Thanks for pointing this out. I wrote a Python test program but forgot to run that test in the data collection for the graphs. I will update them once the tests finish running. Ironically, Python must be passing the glob to an exponential-time regexp library, since Python is on the slow side of the fence.
Russ, while you're around, thanks for re2! RE2::Set especially! But why is RE2::Set so underdocumented and underpromoted? All regex libraries need this functionality.
You're welcome. I think basically all of RE2 is underdocumented and underpromoted. Why should RE2::Set be any different?
Seriously, though, it was a bit of an afterthought. A team at Google was |ing together a ton of regexps and came to me for something better, so I wrote RE2::Set. I'm glad it helps others too.
That implementation looks pretty inefficient, creating lots of strings that are thrown away immediately. Could it not be refactored into a generator combined with a string.join?
I think Python's string type has an optimization that concatenation on a string where the LHS only has a single reference to it will reuse the existing string when possible. You still have to grow the buffer periodically, of course, but it's not creating as much garbage as it looks like.
> I think Python's string type has an optimization that concatenation on a string where the LHS only has a single reference to it will reuse the existing string when possible.

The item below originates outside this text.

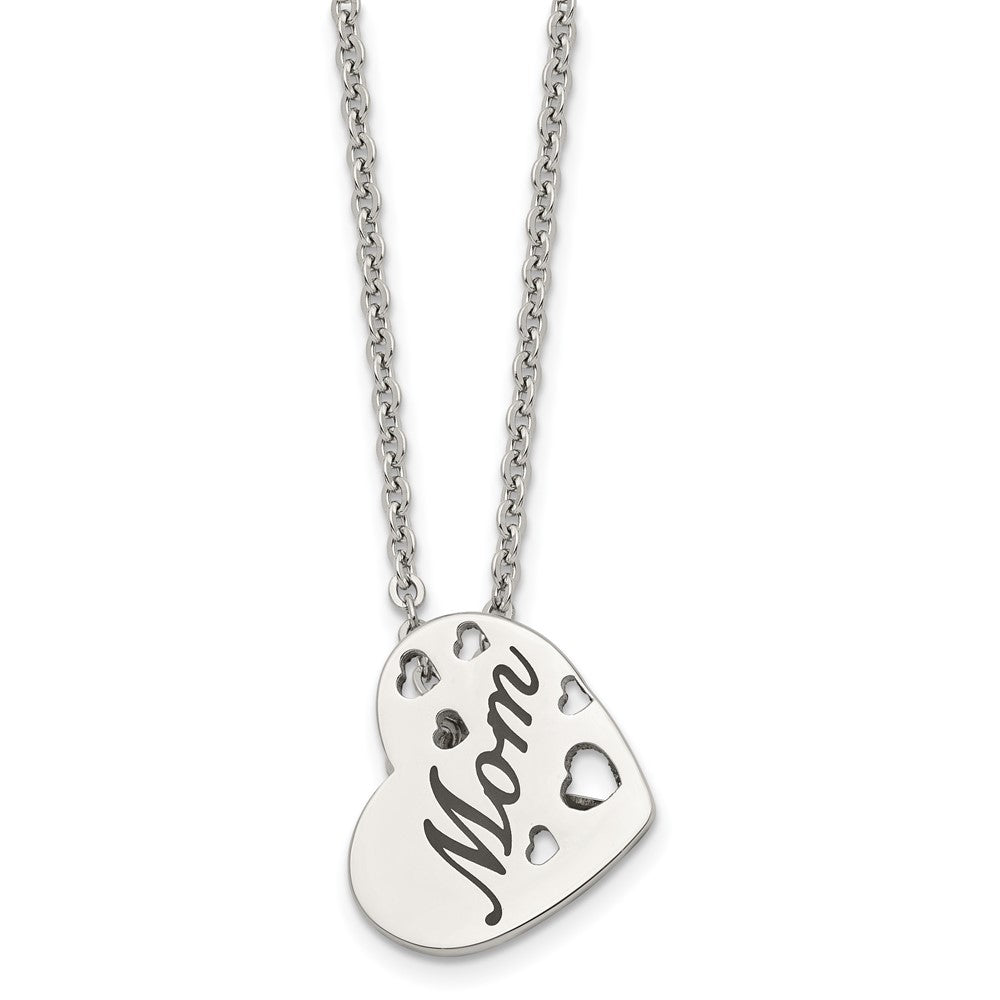 Chisel Stainless Steel Polished Enameled Mom Heart Pendant on a 20 inch Cable Chain Necklace, 20 x 22 mm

It's specifically a CPython optimisation, it may (and usually will) not hold up on alternate implementations like pypy or jyton.
Sure, but the function in question lives in CPython's own implementation of its core libraries, so it seems reasonable for it to rely on that implementation.
If PyPy or Jython want to reuse that core library code, it's on them to make whatever changes are needed to make it fast on those implementations.
The RE engine here is only used as a fast VM; so the pathological cases from the article should still apply. So apart from the memory use issues there's also that.
Previously: "Regular Expression Matching Can Be Simple And Fast" (2007) https://swtch.com/~rsc/regexp/regexp1.html
The paper deals with "Thompson NFA" approach to regex, with low computational complexity.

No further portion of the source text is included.